Speaking to IGN, Avatar: The Last Airbender showrunner Albert Kim echoed comments previously made about some of the “sexist” elements they pulled in the Netflix adaptation, resulting in changes to Katara and Sokka.

“There are certain roles I think that Katara did in the cartoon that we didn’t necessarily also do here,” Kim told the outlet. “I mean, I don’t want to really get into a lot of that, but some gender issues that didn’t quite translate from the cartoon.”

Kim’s comments arrive after Sokka star Ian Ousley and Katara star Kiawentiio spoke to Entertainment Weekly about edits made to their characters, with the former stating, “There’s more weight with realism” in the Netflix version. 

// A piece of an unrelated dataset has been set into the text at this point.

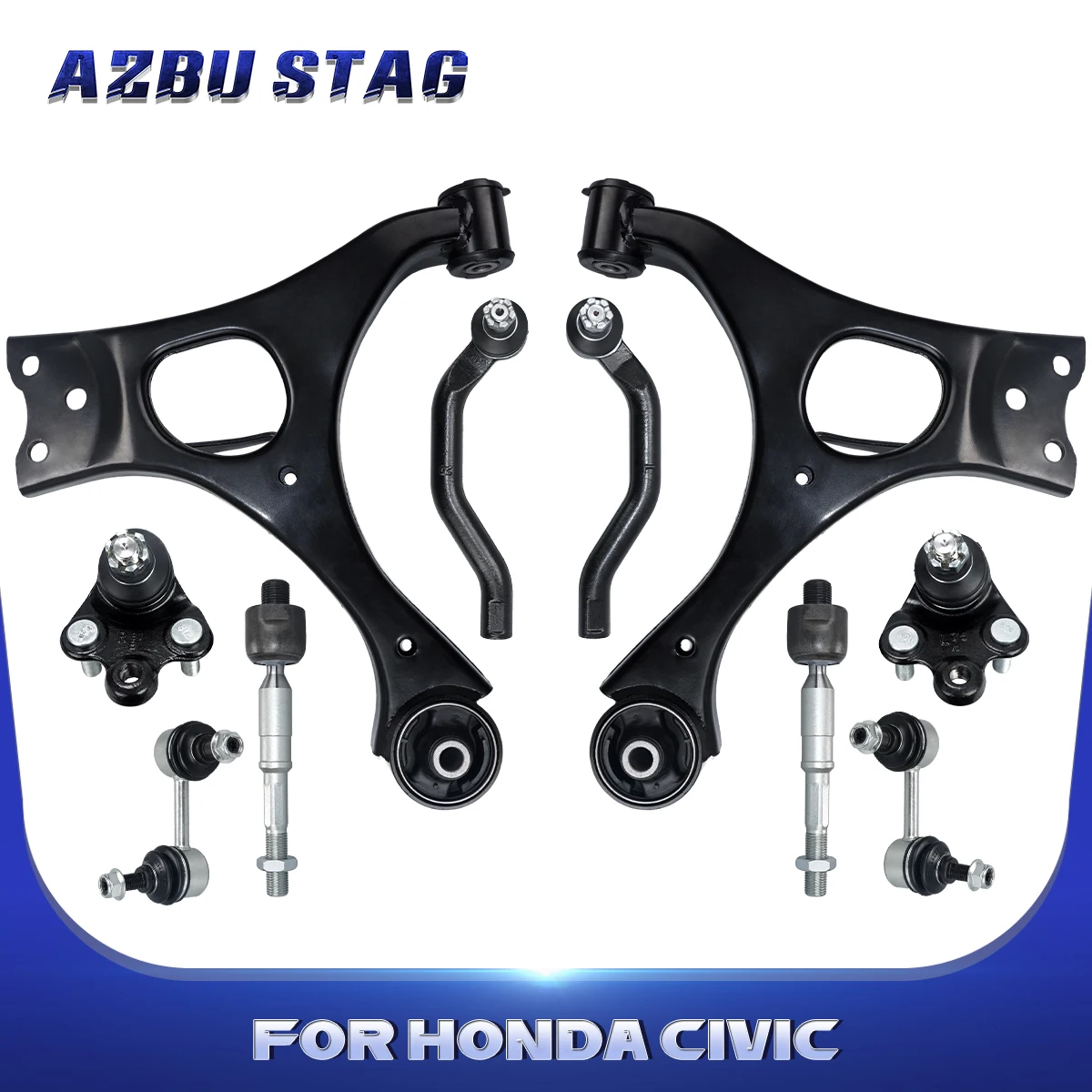 

AzbuStag 10Pcs Front Lower Control Arm Sway Bar End Link Suspension for HONDA CIVIC 2006 2007 2008 2009 2010 2011 51350SNAA03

Adding to this, Kiawentiio said, “I feel like we also took out the element of how sexist [Sokka] was. I feel like there were a lot of moments in the original show that were iffy.” Ousley agreed: “Yeah, totally. There are things that were redirected just because it might play a little differently [in live action].”

The decision to change these elements of the characters hasn’t gone down too well with the fans, with some citing the fact that former creators Bryan Konietzko and Michael Dante DiMartino spent two years developing the live-action Avatar: The Last Airbender before exiting the project over creative differences. 

“It’s so obvious why the creators left the show. Netflix do not understand the characters at all,” wrote one on X, while another said, “Wonder what else they changed. No way the OG creators just up & leave after 2+ years of work.”

A third added, “I understand their point of view but the Sokka stuff helped his character grow within the original show.” While a fourth commented, “But Katara’s feminism is a major plot point of the first season?”

Elaborating further on why they believe these elements should be left in, one wrote: “Her gender things were literally the north water tribe not allowing women to train in combat bending and focus on healing when she needed combat training, and Sokka’s arc is him growing to accept that women are just as good as men and that he doesn’t need to do everything.”

Others are arguing that these characteristics are so minimal in the animated series that they’re not worth talking about. “It’s such a non issue that I wonder why it’d even need to be said,” commented a Redditor about the Katara comments.

“I imagine it’s about the sewing? If so, I don’t think anyone would notice that being absent. Avatar was such a clean show that the only thing I can think of that didn’t ‘age well’ was Iroh snuggling with Jun.”

Another stated that the sexism comprises “less than 1% of Sokka’s screen time, character arc, everything,” adding: “The fact that Sokka turns on a dime without a single look back, in the course of a day, shows that Sokka didn’t have deep-seated, real sexist beliefs. He was just a traumatized child, spouting the misguided, misinformed observations that he’d been given throughout his childhood.”